Gary has also headed up a sustainable construction team which worked on carbon assessment projects throughout the UK’s commercial and industrial sectors, giving a range of building form and fabric advice and undertaking renewables feasibility studies. More recently Gary has been a lecturer at the University of Aberdeen in Marine Science and the MSc in Hydrocarbon Enterprise. He currently lectures in Renewable Energy Technology on our own MSc in Carbon Management and in Environmental Sustainability at the University of Aberdeen.
As Director of Business and Innovation, Gary’s role includes a wide range of responsibilities. He specialises in managing projects involving the development and implementation of low carbon management strategies and the use of renewable technologies. Recent projects have focused on assisting SMEs and working with the building construction sector.
Leading Conservation Architect
Based in Forres, formerly partner and latterly chairman of LDN Architects, Andrew Wright stepped down in 2001 to pursue his consultancy interests. He is a conservation architect, accredited at the highest level as a consultant, with unparalleled experience over ten years in the preparation of conservation plans for buildings and heritage sites.
A Past President of the Royal Incorporation of Architects in Scotland, he has served terms on the Ancient Monuments Board for Scotland and the Royal Fine Art Commission for Scotland, and is serving a second term as a member of council of the Historic Environment Advisory Council for Scotland, providing strategic advice to Scottish Ministers.
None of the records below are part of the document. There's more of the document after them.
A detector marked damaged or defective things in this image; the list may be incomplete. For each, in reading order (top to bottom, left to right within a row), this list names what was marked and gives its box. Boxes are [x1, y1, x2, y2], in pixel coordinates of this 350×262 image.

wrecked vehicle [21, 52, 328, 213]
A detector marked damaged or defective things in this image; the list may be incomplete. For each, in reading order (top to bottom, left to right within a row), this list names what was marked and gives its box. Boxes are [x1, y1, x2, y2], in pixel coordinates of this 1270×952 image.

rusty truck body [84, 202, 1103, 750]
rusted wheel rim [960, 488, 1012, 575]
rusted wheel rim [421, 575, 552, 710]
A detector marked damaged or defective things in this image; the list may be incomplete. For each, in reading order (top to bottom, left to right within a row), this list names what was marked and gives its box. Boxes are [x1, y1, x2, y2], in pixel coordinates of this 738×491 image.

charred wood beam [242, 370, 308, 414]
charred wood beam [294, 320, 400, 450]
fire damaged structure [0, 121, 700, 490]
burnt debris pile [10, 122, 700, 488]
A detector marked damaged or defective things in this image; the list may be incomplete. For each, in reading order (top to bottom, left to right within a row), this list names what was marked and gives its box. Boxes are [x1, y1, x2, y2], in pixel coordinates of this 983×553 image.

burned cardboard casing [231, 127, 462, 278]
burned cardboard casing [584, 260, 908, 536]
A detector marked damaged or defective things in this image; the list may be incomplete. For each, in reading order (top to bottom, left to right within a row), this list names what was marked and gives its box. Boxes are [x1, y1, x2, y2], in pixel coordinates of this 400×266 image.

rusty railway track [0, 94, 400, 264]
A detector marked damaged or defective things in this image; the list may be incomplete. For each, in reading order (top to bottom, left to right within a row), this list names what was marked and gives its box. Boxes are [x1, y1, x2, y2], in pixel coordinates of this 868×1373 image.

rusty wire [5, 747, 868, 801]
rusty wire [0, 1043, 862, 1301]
He acts as a consultant and conservation adviser to several building preservation trusts, and is currently co-chair of the conservation committee of the Hopetoun House Preservation Trust. He acts as a monitor for the HLF, and as an expert adviser. In recognition of services to architecture and the built heritage of Scotland he was awarded the OBE in 2001.
An award winning master Drystone Waller, who has been a professional member of the Drystone Walling Association since 1983 and is a fully qualified advanced instructor and examiner.
Daniel Watson is the Clerk of Works at Balmoral Castle and Estate, he is also a highly experienced Joiner with a strong conservation background. The breadth of knowledge and skills Daniel has gained in meeting the Conservation, Repair and Maintenance requirements of a wide range of Traditional Buildings is of immense benefit to all who attend our Courses.
Hans Norling, is a partner of Masonry & Lime Ltd. Hans has 17 years experience of building and project managing teams of specialist masons across the north of Scotland, including several industry awards.
Adam Wilkin who, now retired, spent a lifetime working on plumbing and specialist leadwork. His career involved repairing many historic buildings across Scotland, including more than 40 castles.